══ DATA SUPPLIED

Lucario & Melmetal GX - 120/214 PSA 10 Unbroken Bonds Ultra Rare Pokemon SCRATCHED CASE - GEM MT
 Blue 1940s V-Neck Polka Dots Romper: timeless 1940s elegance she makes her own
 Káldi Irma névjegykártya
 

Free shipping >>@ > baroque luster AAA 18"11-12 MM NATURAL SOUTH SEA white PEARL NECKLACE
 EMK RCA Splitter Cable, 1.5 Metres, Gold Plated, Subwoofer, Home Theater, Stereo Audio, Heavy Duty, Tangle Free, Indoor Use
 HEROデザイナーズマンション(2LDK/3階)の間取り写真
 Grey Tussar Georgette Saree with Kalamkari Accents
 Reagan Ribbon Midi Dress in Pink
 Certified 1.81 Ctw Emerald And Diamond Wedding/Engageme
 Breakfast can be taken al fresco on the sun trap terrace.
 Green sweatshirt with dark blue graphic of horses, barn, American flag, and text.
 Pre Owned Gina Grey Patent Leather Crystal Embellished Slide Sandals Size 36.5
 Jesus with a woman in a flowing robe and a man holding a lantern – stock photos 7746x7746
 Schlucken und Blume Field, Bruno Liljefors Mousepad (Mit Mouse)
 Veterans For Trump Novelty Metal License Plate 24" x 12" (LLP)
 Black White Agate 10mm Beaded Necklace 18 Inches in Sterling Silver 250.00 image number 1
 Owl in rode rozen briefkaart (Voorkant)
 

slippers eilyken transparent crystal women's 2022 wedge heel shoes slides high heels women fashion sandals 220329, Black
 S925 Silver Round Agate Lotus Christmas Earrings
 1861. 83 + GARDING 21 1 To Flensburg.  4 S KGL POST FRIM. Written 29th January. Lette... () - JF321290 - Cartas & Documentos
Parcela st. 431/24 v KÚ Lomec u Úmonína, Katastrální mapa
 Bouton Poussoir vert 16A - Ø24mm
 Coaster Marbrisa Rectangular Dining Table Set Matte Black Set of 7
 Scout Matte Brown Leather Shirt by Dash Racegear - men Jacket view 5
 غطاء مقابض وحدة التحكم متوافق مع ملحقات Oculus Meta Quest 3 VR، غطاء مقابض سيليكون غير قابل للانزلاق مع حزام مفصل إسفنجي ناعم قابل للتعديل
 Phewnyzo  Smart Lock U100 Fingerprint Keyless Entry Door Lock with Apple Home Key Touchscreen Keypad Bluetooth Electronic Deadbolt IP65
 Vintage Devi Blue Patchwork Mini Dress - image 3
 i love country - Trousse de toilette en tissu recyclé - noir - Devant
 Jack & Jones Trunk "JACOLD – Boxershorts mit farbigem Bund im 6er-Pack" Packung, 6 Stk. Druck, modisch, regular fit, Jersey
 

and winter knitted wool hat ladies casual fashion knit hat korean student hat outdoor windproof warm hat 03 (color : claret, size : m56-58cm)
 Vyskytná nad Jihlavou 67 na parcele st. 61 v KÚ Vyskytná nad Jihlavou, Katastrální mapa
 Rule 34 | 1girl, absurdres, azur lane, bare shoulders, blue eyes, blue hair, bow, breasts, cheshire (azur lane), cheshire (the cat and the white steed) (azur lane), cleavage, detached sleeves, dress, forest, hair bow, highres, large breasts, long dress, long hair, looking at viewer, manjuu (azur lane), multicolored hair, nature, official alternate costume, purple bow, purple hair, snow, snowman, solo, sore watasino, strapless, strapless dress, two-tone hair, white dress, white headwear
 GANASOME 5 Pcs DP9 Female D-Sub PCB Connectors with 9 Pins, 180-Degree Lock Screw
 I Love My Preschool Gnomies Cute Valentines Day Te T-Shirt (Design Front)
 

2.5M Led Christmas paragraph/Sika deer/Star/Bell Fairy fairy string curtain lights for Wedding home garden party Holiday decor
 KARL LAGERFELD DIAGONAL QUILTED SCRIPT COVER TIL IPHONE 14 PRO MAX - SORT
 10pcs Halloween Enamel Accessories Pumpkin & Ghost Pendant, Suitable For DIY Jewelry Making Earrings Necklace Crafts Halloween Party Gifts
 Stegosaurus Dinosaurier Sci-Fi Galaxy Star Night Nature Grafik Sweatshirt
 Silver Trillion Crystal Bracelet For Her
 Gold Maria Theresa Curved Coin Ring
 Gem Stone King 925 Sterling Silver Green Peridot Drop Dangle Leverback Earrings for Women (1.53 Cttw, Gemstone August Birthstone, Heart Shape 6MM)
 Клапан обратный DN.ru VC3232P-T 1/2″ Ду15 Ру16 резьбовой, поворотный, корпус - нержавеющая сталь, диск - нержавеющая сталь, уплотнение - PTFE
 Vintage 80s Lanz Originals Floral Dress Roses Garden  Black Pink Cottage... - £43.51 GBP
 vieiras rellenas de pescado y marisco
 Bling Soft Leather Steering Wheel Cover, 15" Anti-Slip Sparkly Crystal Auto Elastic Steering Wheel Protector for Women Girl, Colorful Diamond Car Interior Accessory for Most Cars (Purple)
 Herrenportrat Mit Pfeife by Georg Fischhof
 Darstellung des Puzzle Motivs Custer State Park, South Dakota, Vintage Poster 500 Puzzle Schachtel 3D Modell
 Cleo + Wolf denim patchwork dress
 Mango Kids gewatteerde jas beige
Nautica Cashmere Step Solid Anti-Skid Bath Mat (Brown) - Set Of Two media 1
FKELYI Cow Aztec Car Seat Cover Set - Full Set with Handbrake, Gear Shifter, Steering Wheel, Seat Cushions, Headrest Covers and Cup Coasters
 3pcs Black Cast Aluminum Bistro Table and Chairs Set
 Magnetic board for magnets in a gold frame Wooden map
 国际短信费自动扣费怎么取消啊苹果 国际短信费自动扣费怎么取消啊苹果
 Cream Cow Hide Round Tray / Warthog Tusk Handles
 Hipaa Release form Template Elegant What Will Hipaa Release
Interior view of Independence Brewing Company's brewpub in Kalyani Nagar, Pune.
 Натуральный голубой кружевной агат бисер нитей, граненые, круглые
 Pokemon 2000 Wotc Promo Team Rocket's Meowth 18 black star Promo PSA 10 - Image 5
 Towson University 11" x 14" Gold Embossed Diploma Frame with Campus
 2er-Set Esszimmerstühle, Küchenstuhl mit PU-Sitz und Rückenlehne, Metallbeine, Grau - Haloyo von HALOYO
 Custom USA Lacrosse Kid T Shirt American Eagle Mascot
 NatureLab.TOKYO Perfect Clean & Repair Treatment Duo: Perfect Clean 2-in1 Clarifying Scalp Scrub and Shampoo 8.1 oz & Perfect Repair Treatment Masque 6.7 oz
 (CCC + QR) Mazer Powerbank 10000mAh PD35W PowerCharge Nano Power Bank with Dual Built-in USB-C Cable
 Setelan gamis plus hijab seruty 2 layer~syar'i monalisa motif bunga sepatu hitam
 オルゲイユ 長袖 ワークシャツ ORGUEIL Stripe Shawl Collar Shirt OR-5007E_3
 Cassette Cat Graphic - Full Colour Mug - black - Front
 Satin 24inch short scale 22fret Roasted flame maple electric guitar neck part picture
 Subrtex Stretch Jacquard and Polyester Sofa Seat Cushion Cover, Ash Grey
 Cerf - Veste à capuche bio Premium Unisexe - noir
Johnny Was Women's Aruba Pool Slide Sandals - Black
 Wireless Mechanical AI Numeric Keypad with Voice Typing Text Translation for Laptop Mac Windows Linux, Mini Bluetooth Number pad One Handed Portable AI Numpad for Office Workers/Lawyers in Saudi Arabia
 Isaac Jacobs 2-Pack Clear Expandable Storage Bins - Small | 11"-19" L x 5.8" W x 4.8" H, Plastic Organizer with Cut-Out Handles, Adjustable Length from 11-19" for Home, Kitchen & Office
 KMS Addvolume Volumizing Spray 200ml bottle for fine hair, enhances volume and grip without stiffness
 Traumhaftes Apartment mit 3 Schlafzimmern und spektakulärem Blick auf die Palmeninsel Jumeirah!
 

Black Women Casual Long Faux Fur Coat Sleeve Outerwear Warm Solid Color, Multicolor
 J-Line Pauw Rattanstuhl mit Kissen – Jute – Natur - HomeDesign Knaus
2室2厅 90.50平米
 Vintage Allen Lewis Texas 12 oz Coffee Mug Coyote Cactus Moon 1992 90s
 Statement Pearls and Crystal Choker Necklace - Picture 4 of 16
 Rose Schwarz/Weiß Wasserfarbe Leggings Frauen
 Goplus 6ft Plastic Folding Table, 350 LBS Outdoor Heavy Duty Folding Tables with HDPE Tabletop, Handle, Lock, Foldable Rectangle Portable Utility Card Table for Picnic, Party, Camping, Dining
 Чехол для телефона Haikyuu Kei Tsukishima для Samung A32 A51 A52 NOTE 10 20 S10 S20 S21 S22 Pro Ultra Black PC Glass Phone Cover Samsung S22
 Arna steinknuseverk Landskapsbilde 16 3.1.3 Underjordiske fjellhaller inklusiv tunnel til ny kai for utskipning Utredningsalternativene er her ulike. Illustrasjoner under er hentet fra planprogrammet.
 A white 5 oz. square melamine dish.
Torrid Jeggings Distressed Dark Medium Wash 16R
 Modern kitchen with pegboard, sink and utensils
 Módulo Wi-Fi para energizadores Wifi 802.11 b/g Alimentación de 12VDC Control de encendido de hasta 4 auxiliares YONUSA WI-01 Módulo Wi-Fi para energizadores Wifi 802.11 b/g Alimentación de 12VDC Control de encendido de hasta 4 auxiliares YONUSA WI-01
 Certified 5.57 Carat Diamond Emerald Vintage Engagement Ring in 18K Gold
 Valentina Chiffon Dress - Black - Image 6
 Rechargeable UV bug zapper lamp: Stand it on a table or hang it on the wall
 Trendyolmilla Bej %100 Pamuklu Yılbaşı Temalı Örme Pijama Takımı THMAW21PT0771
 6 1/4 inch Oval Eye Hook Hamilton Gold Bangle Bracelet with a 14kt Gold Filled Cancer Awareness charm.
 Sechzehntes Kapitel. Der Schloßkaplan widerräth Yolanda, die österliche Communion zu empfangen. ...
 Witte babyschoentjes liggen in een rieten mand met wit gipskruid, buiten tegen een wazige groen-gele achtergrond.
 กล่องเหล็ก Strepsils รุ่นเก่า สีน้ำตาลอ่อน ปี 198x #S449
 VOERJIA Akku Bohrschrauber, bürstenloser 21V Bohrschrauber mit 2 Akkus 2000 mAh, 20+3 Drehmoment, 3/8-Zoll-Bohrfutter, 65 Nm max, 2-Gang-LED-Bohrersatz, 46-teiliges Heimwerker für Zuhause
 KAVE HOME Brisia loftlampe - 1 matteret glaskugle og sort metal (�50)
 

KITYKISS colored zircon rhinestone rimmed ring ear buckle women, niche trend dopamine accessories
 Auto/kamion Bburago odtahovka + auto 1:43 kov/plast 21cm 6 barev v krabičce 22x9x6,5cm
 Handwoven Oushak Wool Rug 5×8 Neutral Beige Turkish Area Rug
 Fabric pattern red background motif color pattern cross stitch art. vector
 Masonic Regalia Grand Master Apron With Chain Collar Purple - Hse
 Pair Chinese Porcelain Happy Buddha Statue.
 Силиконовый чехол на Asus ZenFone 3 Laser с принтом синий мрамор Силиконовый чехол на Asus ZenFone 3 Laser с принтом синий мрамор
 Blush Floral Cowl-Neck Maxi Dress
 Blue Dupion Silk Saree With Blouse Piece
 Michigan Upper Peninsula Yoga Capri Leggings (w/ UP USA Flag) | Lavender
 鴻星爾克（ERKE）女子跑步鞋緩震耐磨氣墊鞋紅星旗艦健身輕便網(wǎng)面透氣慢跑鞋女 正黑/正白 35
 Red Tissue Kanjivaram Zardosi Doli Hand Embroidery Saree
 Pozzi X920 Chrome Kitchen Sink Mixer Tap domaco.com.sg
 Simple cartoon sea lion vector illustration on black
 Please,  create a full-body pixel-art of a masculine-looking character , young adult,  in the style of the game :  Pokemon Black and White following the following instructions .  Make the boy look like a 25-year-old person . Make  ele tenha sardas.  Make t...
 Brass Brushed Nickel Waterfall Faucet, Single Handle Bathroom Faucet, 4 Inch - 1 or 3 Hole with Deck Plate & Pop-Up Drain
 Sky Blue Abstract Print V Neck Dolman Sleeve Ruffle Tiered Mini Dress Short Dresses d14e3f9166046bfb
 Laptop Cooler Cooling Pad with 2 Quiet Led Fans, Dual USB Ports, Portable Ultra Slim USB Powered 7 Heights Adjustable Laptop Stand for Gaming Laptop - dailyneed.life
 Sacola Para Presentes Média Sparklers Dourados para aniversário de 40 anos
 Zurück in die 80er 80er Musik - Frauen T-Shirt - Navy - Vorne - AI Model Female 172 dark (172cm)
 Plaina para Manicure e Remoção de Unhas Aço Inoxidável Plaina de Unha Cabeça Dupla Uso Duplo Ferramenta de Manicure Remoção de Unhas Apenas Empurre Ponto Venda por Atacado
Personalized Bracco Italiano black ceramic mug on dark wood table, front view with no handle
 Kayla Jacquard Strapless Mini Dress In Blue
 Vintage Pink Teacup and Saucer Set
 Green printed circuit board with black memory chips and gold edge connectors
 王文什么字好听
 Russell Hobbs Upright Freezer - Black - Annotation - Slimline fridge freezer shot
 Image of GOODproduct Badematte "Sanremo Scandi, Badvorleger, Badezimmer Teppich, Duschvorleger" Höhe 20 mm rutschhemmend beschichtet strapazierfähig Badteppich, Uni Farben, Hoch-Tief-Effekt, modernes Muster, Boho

════

THE PROBLEM:
Would you quote everything above from the line containing "Vintage Pink Teacup and Saucer Set" down to the line containing "Russell Hobbs Upright"? Include both of those lines and nothing else.

RESPONSE:
 Vintage Pink Teacup and Saucer Set
 Green printed circuit board with black memory chips and gold edge connectors
 王文什么字好听
 Russell Hobbs Upright Freezer - Black - Annotation - Slimline fridge freezer shot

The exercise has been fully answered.